Work instruction: When copying the listing below, skip every picture and keep each word as it stands.

Data listing:
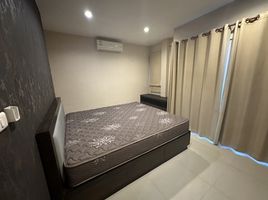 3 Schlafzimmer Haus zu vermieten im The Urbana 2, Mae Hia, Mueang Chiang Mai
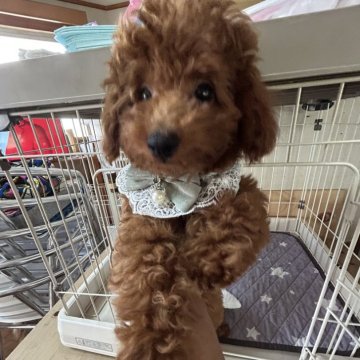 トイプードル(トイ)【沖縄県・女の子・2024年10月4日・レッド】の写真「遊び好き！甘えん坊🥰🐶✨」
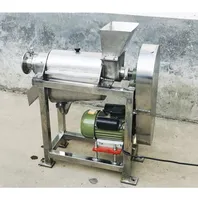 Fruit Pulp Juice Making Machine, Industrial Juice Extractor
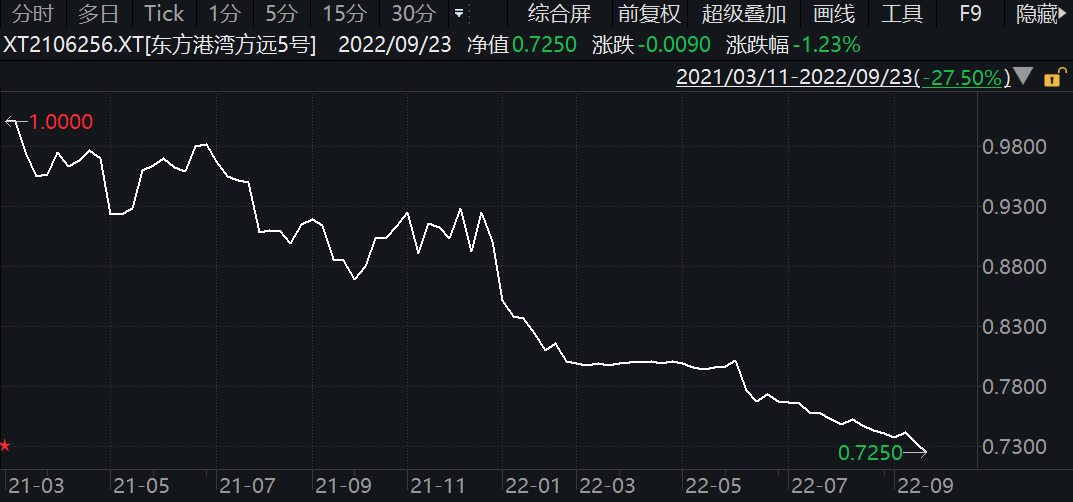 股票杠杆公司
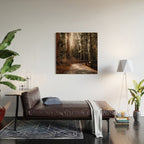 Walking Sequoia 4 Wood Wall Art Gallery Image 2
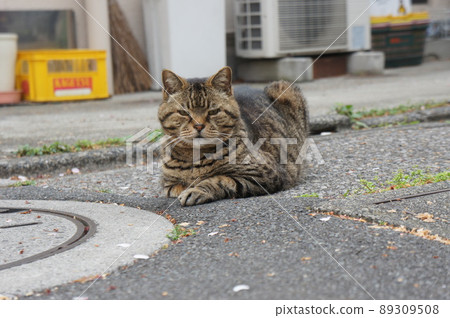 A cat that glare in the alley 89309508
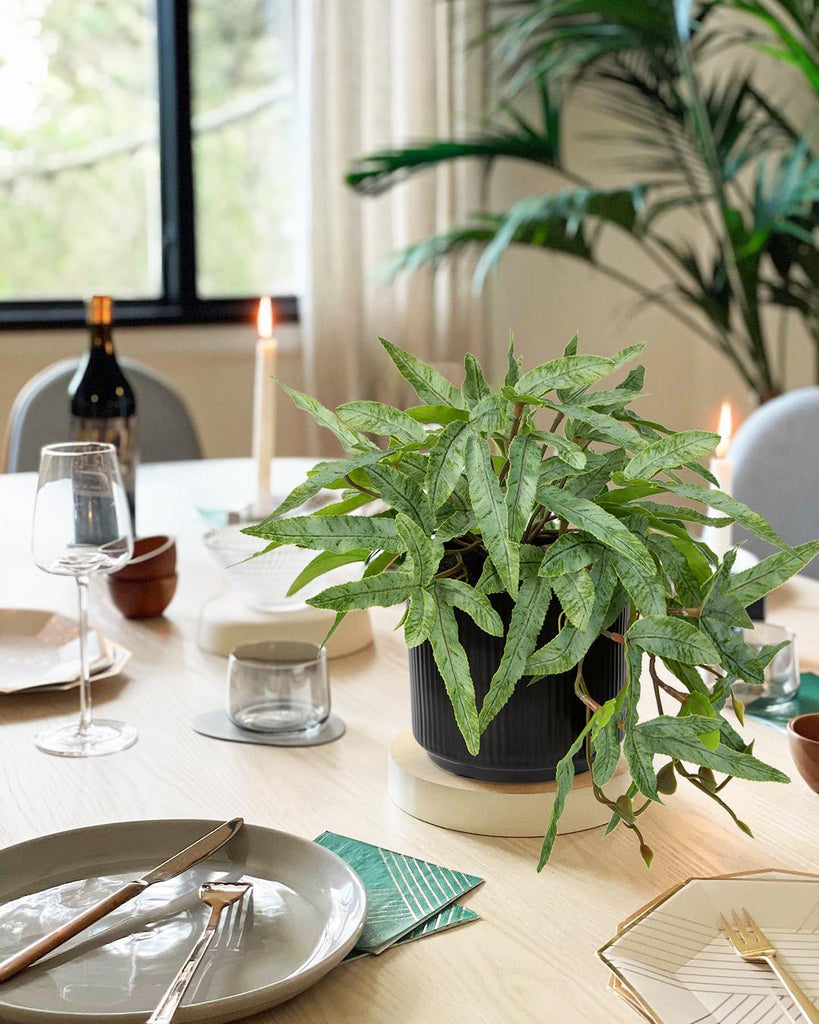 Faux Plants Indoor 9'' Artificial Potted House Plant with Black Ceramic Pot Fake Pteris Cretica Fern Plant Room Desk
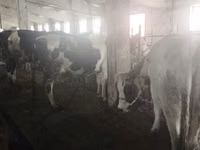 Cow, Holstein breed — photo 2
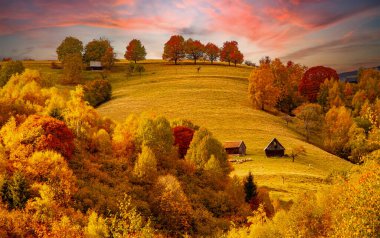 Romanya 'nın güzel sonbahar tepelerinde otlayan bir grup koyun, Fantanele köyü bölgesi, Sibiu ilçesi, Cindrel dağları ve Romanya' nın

Response:
 3 Schlafzimmer Haus zu vermieten im The Urbana 2, Mae Hia, Mueang Chiang Mai
 トイプードル(トイ)【沖縄県・女の子・2024年10月4日・レッド】の写真「遊び好き！甘えん坊🥰🐶✨」
 Fruit Pulp Juice Making Machine, Industrial Juice Extractor
 股票杠杆公司
 Walking Sequoia 4 Wood Wall Art Gallery Image 2
 A cat that glare in the alley 89309508
 Faux Plants Indoor 9'' Artificial Potted House Plant with Black Ceramic Pot Fake Pteris Cretica Fern Plant Room Desk
 Cow, Holstein breed — photo 2
 Romanya 'nın güzel sonbahar tepelerinde otlayan bir grup koyun, Fantanele köyü bölgesi, Sibiu ilçesi, Cindrel dağları ve Romanya' nın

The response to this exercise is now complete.